Atila Meeting - November 14, 2007

Location

Adres

Het Pand
Onderbergen1
9000 Ghent

Program

09.30-10.00

Welcome coffee

10.00-10.15

Opening

10.15-12.30

Work in progress in Predicting Personality from Text
Kim Luyckx & Walter Daelemans

We describe a machine learning approach to the prediction of the personality of an author on the basis of linguistic properties of the text he or she wrote. We collected a corpus of 145 essays written by BA-level students on a single topic and had each student take a personality test providing us with a Meyers-Briggs personality profile. The focus of this study is a systematic study of the effectiveness of lexical and syntactic features that have been proven useful in the field of stylometry. Syntactic features like part-of-speech n-grams are generally accepted as not being under the author's conscious control and therefore provide good clues for predicting gender or authorship. We want to test whether these and similar features are helpful for personality detection.
The approach we took is an automatic text categorization approach. First a document representation is constructed based on feature selection from the linguistically analysed texts. For the linguistic analysis we used the Memory-Based Shallow Parser (MBSP). The document representations using these features are associated with each of the four components of the Meyers-Briggs Type Indicator (Introverted-Extraverted, Sensing-Intuitive, Thinking-Feeling, Judging-Perceiving). This produces four binary classification tasks that are learned using memory-based learning. Results are however not unequivocal, since ten-fold cross validation experiments exhibit a rather high degree of variance in the data.
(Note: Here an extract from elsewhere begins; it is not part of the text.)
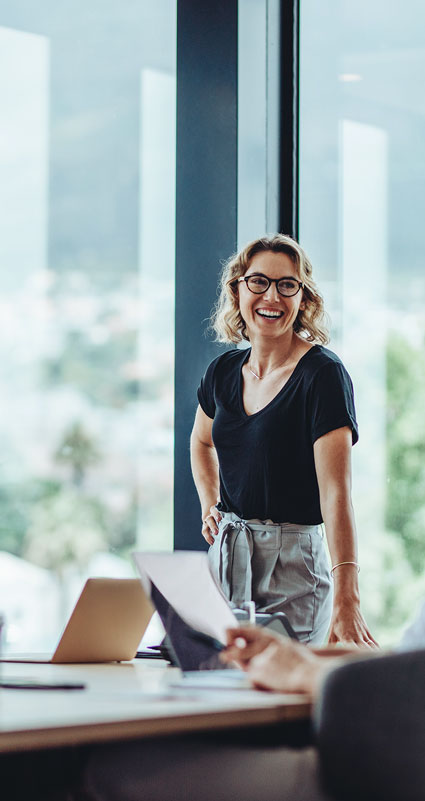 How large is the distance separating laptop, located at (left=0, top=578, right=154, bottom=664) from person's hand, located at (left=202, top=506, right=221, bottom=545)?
103 centimetres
Reasoning about Fuzzy Temporal and Spatial Information from the Web
Steven Schokaert

As the concepts of time and space are paramount in our perception of  the world, much of the information users are looking for is subject to  temporal and spatial constraints. Current IR systems, on the other  hand, do not have access to the temporal and spatial information needed to support such constraints. Moreover, due to the vagueness of many real-world temporal and spatial concepts, non-traditional reasoning frameworks are required. In this talk, we will discuss how (vague) temporal and spatial information can be extracted from web documents using redundancy-based, rather than linguistic techniques.
We will furthermore show how fuzzy reasoning can be used to deal with  inconsistencies in the extracted knowledge base, and to improve the  overall effectiveness of the resulting retrieval systems.

Entity Recognition with Wikipedia
Erik Tjong Kim Sang

Wikipedia is a fast-growing online encyclopedia. In this talk we will explore the opportunities it offers for entity recognition. We will examine two tasks. First, we will look at applying knowledge extracted from Wikipedia for increasing the coverage of a machine learner trained to identify Dutch names. Second, we will apply Wikipedia for a more challenging task: identifying arbitrary entities and linking them to the appropriate article in the encyclopedia.

Automatic post-correction of OCR'ed Cultural Heritage corpora
Martin Reynaert

On behalf of the Dutch Royal Library - The Hague we have studied and partially solved the problem of OCR-induced typographical variation. Text-Induced Corpus Clean-up or TICCL (pronounce 'tickle') focuses on high-frequency words derived from the corpus to be cleaned and exhaustively gathers all typographical variants for any particular focus word that lie within the predefined Levenshtein distance (further: LD).
It next employs effective text-induced filtering techniques to retain as many as possible of the true positives, while discarding as many as possible of the false positives.
TICCL has been evaluated on a contemporary OCR-ed text corpus, the Staten-Generaal Digitaal 1989-1995 (SGD) and on a corpus of historical newspaper articles, i.e. 'Het Volk 1918'(HV). The latter presents greater challenges: its OCR-quality is far lower and it is in the older Dutch spelling `De Vries-Te Winkel'. We have annotated representative samples of typographical variants from both corpora, allowing us not only to evaluate our system, but also to draw effective conclusions towards the adaptation of the correction mechanism to OCR-error resolution
TICCL obtains a cumulative F-score of around 95% at LD 2, with recall at around 99%. If one would look no further than 2 edits, these scores mean that for the SGD almost 89% and for HV almost 55% of the undesirable OCR-induced typographical variation present can fully automatically be removed, as these are the summed percentages of LD 1 and 2 errors observed in our 5,047 SGD and 3,799 HV error samples.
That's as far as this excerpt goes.